● **EXERCISE BRIEF**
Your answer should be an exact copy of the lines from the one holding "Zayıf kadın büyük" to the end of the material below, pictures left out.
= Beginning of Section =
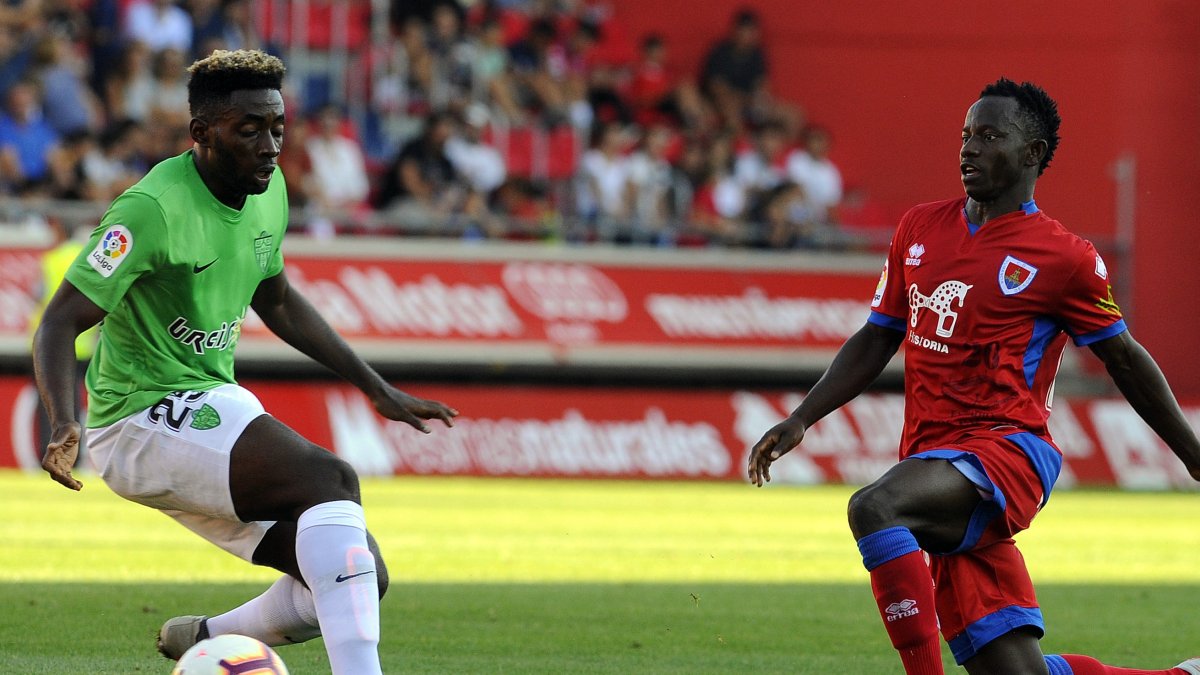 Yan Eteki en el Numancia - Almería.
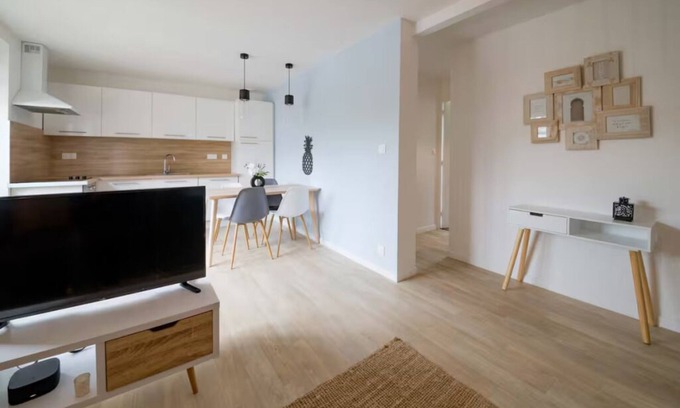 Downtown Apartment | 3-bedroom apartment with garden & veranda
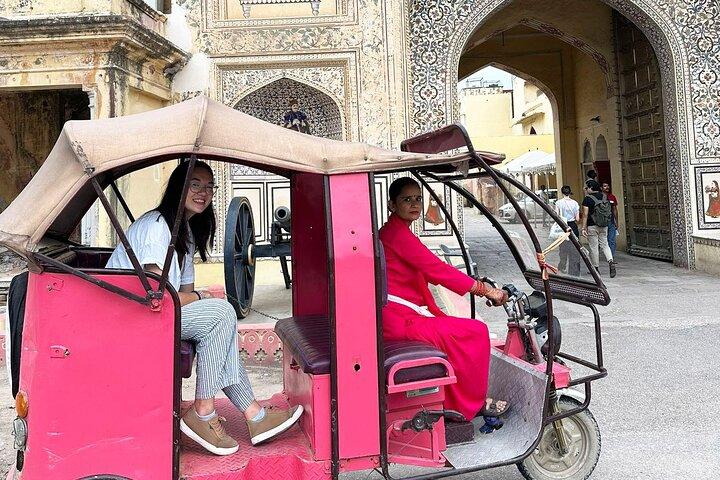 Jaipur City Tour af kvinder-drevet E-Rickshaw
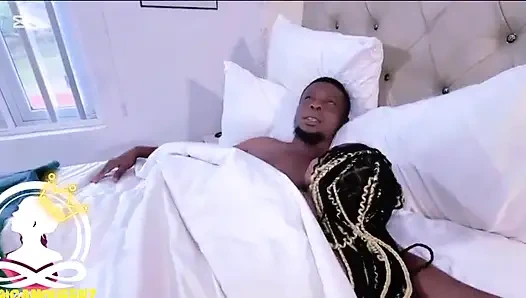 Zayıf kadın büyük bir yarak amına boşaldığında çok yüksek sesle inledi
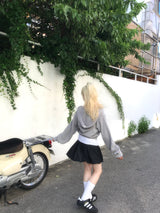 パンチングフードセミジップアップバルーンクロップニットウェア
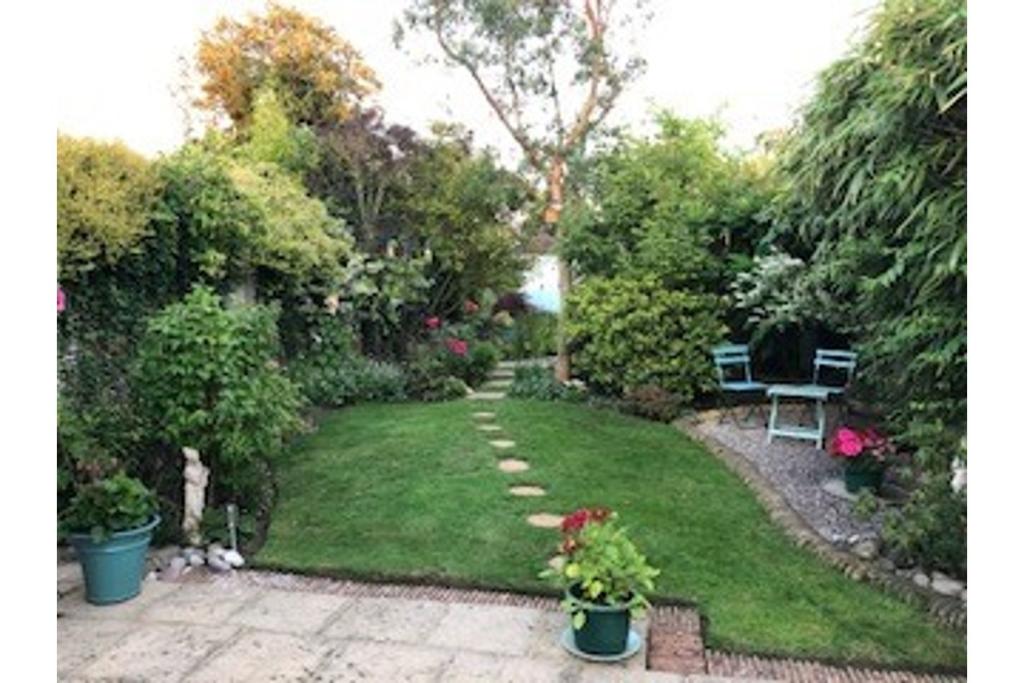 Cottage Garden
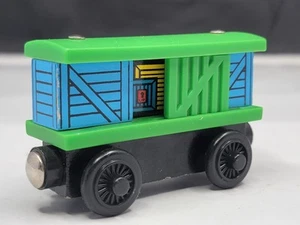Thomas & seine Freunde Holzeisenbahn Zug Panzer Lok - Güterwagen Schiebetür - 2000 - Bild 1 von 9
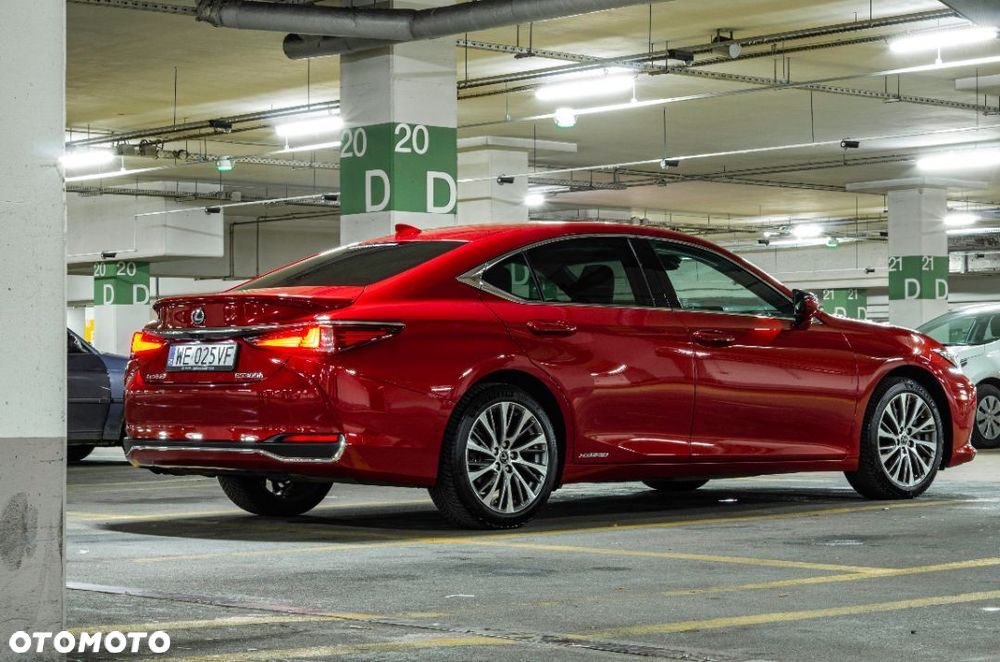 Lexus ES - 3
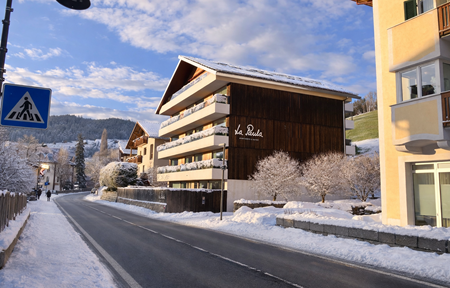 La Paula Apartments & Suites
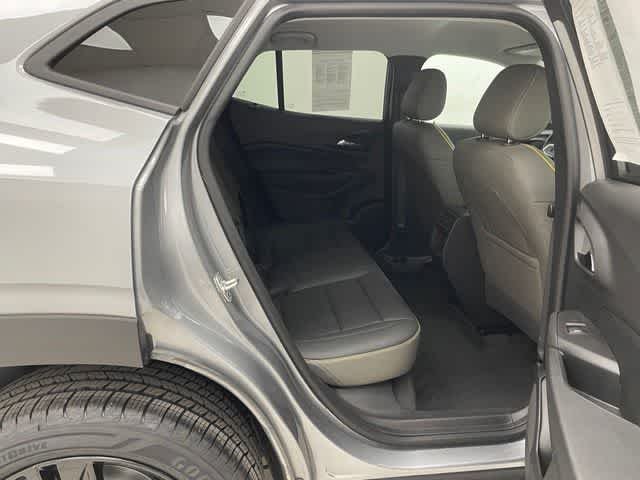 2024 Chevrolet Trax Activ - Photo 17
= End of Section =
● **EXERCISE RESULT**
 Zayıf kadın büyük bir yarak amına boşaldığında çok yüksek sesle inledi
 パンチングフードセミジップアップバルーンクロップニットウェア
 Cottage Garden
Thomas & seine Freunde Holzeisenbahn Zug Panzer Lok - Güterwagen Schiebetür - 2000 - Bild 1 von 9
 Lexus ES - 3
 La Paula Apartments & Suites
 2024 Chevrolet Trax Activ - Photo 17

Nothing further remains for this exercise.